Top-performing GPU-based systems for HPC and deep learning applications
Why Amazon EC2 P5 Instances?
Amazon Elastic Compute Cloud (Amazon EC2) P5 instances with NVIDIA H100 Tensor Core GPUs and P5e and P5en instances with H200 GPUs perform best for deep learning (DL) and HPC workloads. They reduce machine learning model training costs by 40% and speed up solution time by 4x compared to previous Amazon EC2 P5 Instances. These examples facilitate quicker iterations and quicker time to market for your ideas.
Large language model (LLM) and diffusion models that drive the most sophisticated generative artificial intelligence (AI) applications can be trained and deployed using P5, P5e, and P5en instances. These applications include speech recognition, video and image production, code generation, and question answering. These instances can also be used to scale up demanding HPC applications for financial modelling, seismic research, pharmaceutical discovery, and weather forecasting.
With 2x more CPU performance, 2x more system memory, and 4x more local storage than previous-generation GPU-based instances, P5 and P5e instances supplement NVIDIA H100 and H200 Tensor Core GPUs to provide these cost savings and performance enhancements. P5en instances enable Gen5 PCIe between CPU and GPU by pairing high-performance Intel Sapphire Rapids CPUs with NVIDIA H200 Tensor Core GPUs.
Compared to P5e and P5 instances, P5en instances offer up to twice as much bandwidth between the CPU and GPU and have lower network latency, which enhances distributed training performance. Support for P5 and P5e instances allows for networking speeds of up to 3,200 Gbps with second-generation Elastic Fabric Adapters (EFA). Compared to P5, which uses the previous generation of EFA and Nitro, P5en, which employs the third generation of EFA with Nitro v5, has a latency improvement of up to 35%.
For distributed training workloads including deep learning, generative AI, real-time data processing, and high-performance computing (HPC) applications, this enhances collective communications performance. These instances are set up in Amazon EC2 P5 Instances, which allow scaling up to 20,000 H100 or H200 GPUs coupled by a petabit-scale nonblocking network, to provide large-scale computation at low latency. In EC2 UltraClusters, P5, P5e, and P5en instances can provide up to 20 exaflops of total computational capacity, which is comparable to a supercomputer.
Benefits of Amazon EC2 P5 Instances
Train 100B+ parameter models at scale
Instances of P5, P5e, and P5en may provide up to 4x the performance of earlier generation GPU-based EC2 instances and train ultra-large generative AI models at scale.
Reduce time to solution and iterate faster
Training times and time to solution are shortened from weeks to a few days with P5, P5e, and P5en examples.
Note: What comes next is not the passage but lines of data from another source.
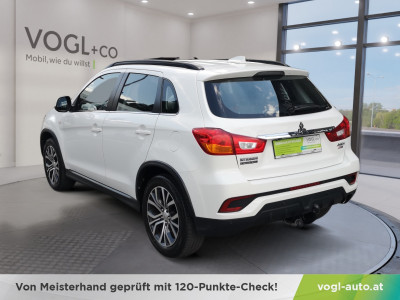 Mitsubishi ASX Gebrauchtwagen Mitsubishi ASX Gebrauchtwagen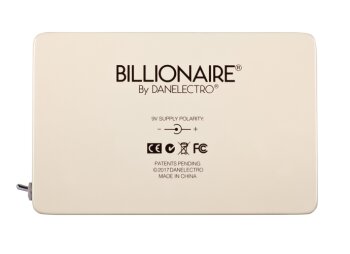 Danelectro Battery Billionaire : Danelectro Battery Billionaire (64977) Danelectro Battery Billionaire : Danelectro Battery Billionaire (64977)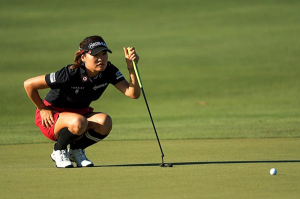 시즌 최종전 3위 유소연 “최종 라운드 보기없어 만족”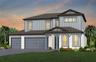 Exterior Rendering, Elevation CO2
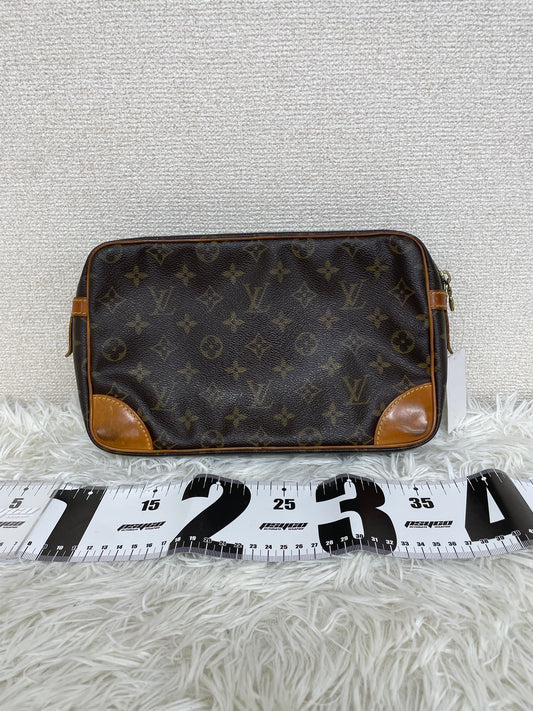 Louis Vuitton Brown Wallets A-12706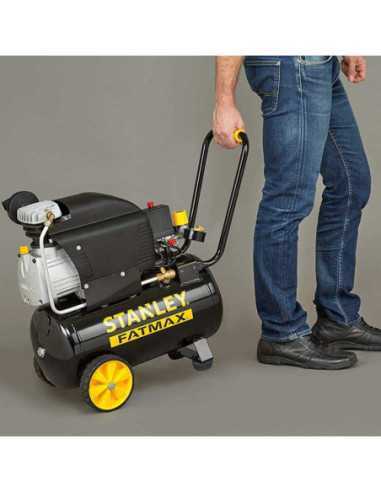 Compresor Stanley Fatmax D 251/10/24S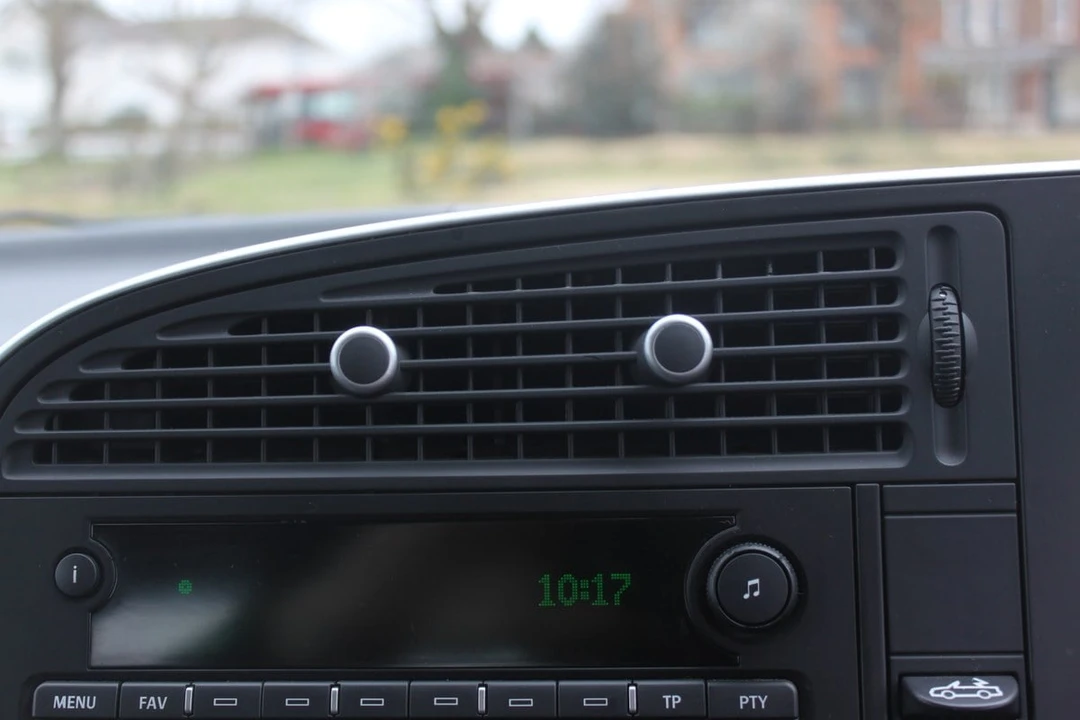 2007 Saab 9-3 2nd Gen - Image 28 of 30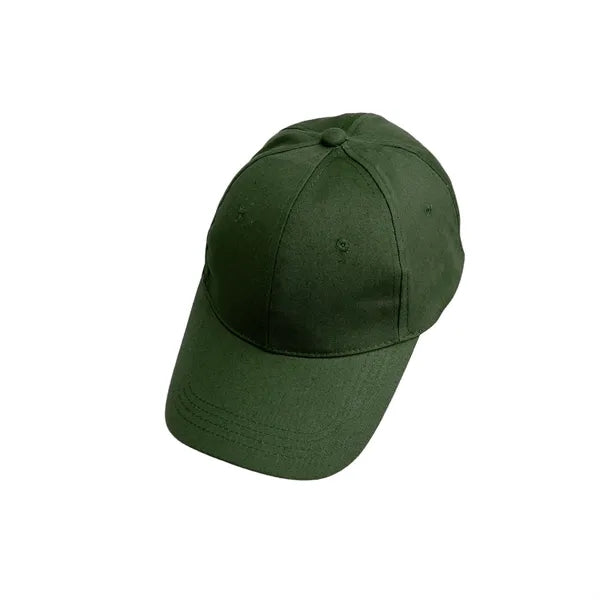 Premium Structured Baseball Cap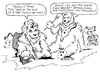 Cartoon: BOO AT THE ZOO (small) by Toonstalk tagged boo zoo halloween winnipeg trick treat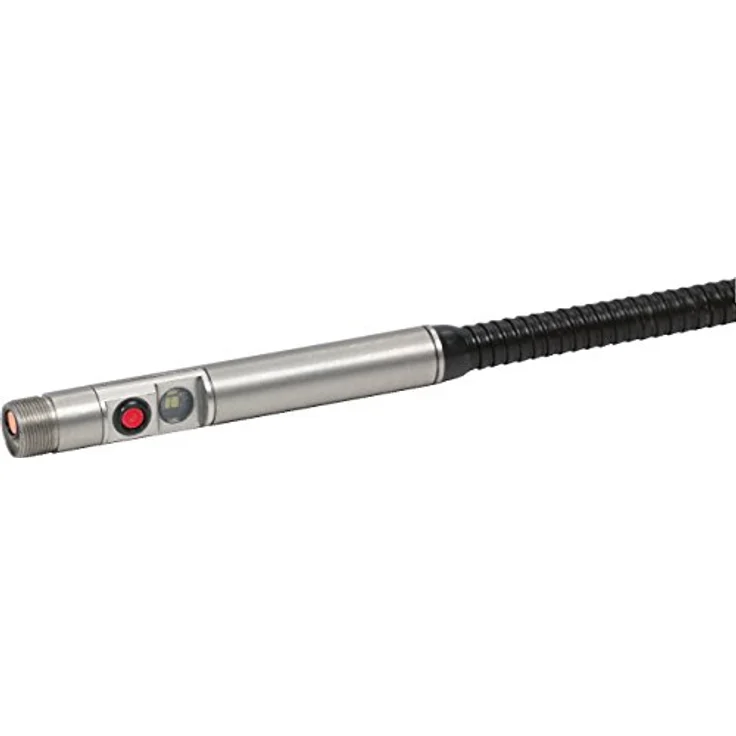 KS Tools 550.7049 ULTIMATEvision MASTER Videoskop-Satz, 6-tlg., flexibel 1m, Ø4,9mm, mit drei dimmbaren Mini-LED-Lampen – Bild 3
This speeds up iteration and accelerates your time to market.
Lower your DL and HPC infrastructure costs
DL training and HPC infrastructure expenses can be reduced by up to 40% with P5, P5e, and P5en instances when compared to earlier generations of GPU-based Amazon EC2 P5 Instances.
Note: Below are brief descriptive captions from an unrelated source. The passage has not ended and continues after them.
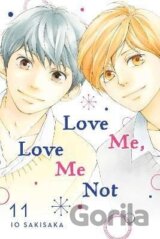 Love Me, Love Me Not, Vol. 11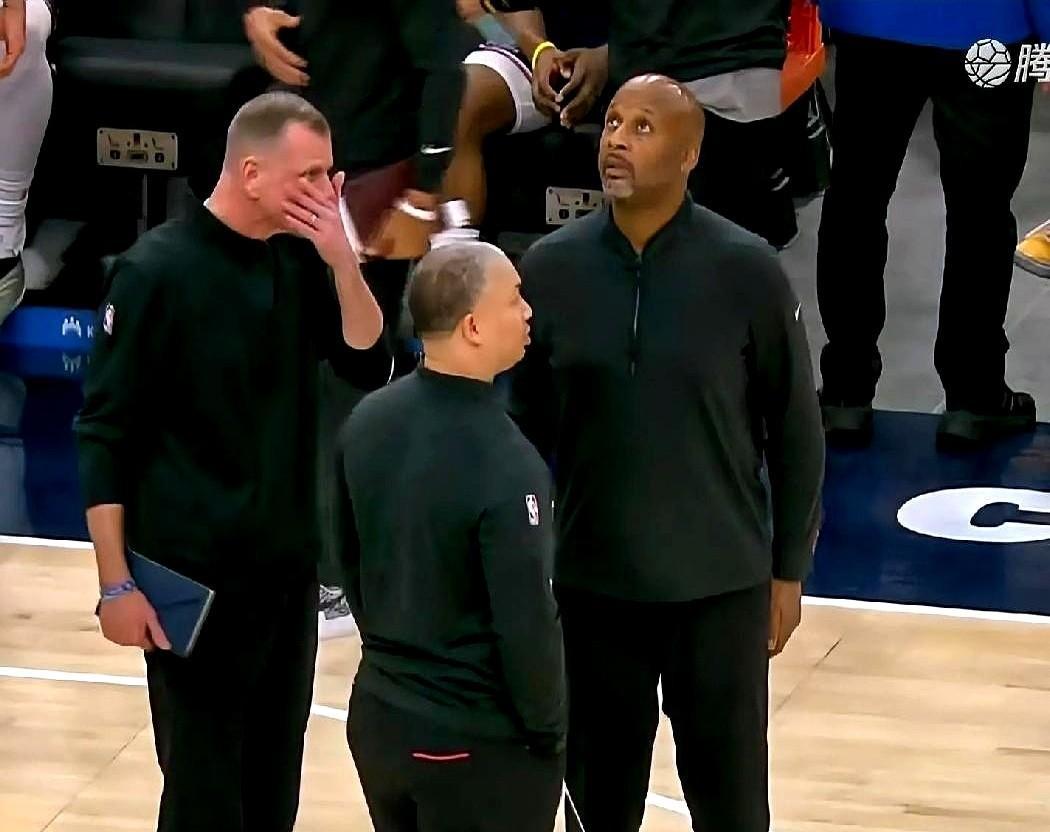 快船主教练泰伦卢，还是话说保守了，他给球队立下个目标，结果呢？转头12场比赛，直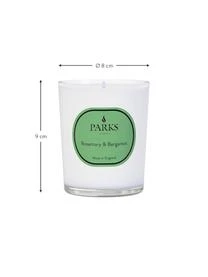 Parks London Duftkerze Vintage Aromatherapy (Rosmarin & Bergamotte) 3 Parks London Duftkerze Vintage Aromatherapy (Rosmarin & Bergamotte) – Bild 3
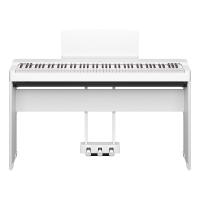 Yamaha P-225 White Pianoforte Digitale _5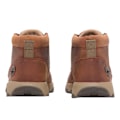 Miniatyrbild 5 av 5: Timberland Winsor Park Läder Mellanhöga Snörkängor för Män 10 UK Orange 10 UK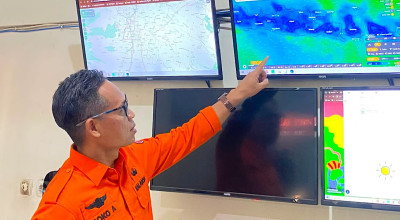 Fenomena Bediding Melanda Kediri Raya, Tingkatkan Risiko ISPA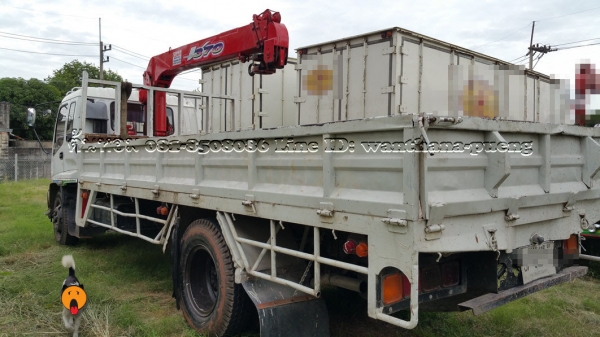 ขาย Deca ปี50 ติดเครน Unit 3.7 ตัน 4 ปลอก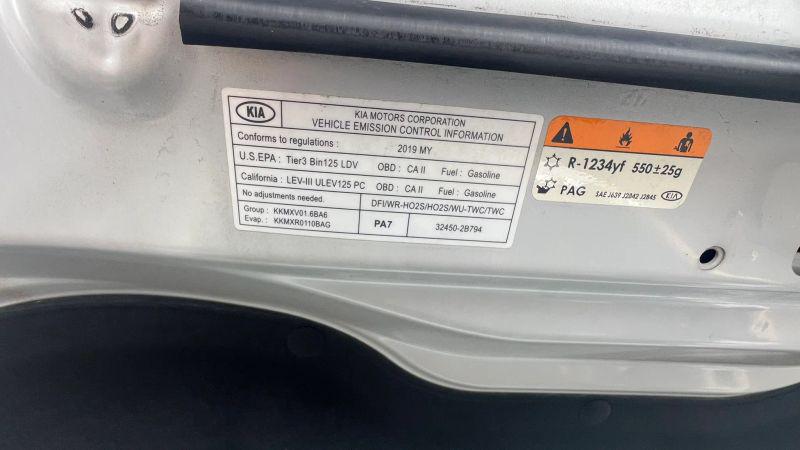 2019 Kia Soul Base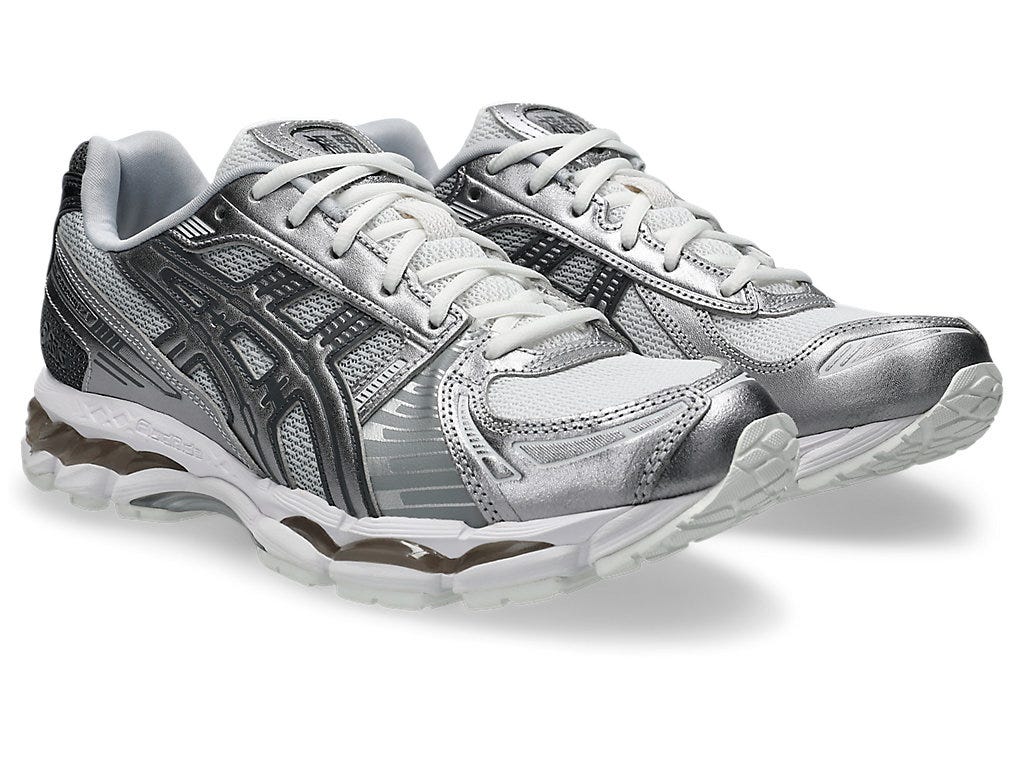 【2026年 10/8 発売】ASICS GEL-KAYANO 12.1 “WHITE/COCOA POWDER” (アシックス ゲルカヤノ) [1203B075.100/1203B075.201]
Run distributed training and HPC with exascale compute
EFA networking speeds of up to 3,200 Gbps are offered by P5, P5e, and P5en instances. These instances provide 20 exaflops of aggregate computing power and are set up in EC2 UltraClusters.
Features of Amazon EC2 P5 Instances
NVIDIA H100 and H200 Tensor Core GPUs
Up to 8 NVIDIA H100 GPUs and 640 GB of HBM3 GPU RAM are available per P5 instance. Up to 8 NVIDIA H200 GPUs and 1128 GB of HBM3e GPU memory are available per instance of P5e and P5en. Each GPU can communicate with every other GPU in the same instance with single-hop latency thanks to the two instances’ capability for up to 900 GB/s of NVSwitch GPU interconnect (a total of 3.6 TB/s bisectional bandwidth).
New transformer engine and DPX instructions
A new transformer engine in the NVIDIA H100 and H200 GPUs dynamically choose between FP8 and 16-bit computations and intelligently handles them. When compared to earlier A100 GPU generations, this functionality aids in providing quicker DL training speedups on LLMs. In comparison to A100 GPUs, NVIDIA H100 and H200 GPUs feature new DPX instructions that substantially speed up dynamic programming methods for HPC workloads.
Networking with high performance
EFA networking speeds of up to 3,200 Gbps are provided by P5, P5e, and P5en instances. In order to facilitate low-latency GPU-to-GPU communication between servers with operating system bypass, EFA is also combined with NVIDIA GPUDirect RDMA.
High-performance storage
Amazon FSx for Lustre file systems are supported by P5, P5e, and P5en instances, allowing you to access data at the hundreds of gigabytes per second throughput and millions of IOPS needed for large-scale DL and HPC workloads. For quick access to big datasets, each instance may additionally accommodate up to 30 TB of local NVMe SSD storage. Additionally, Amazon Simple Storage Service (Amazon S3) offers nearly limitless affordable storage.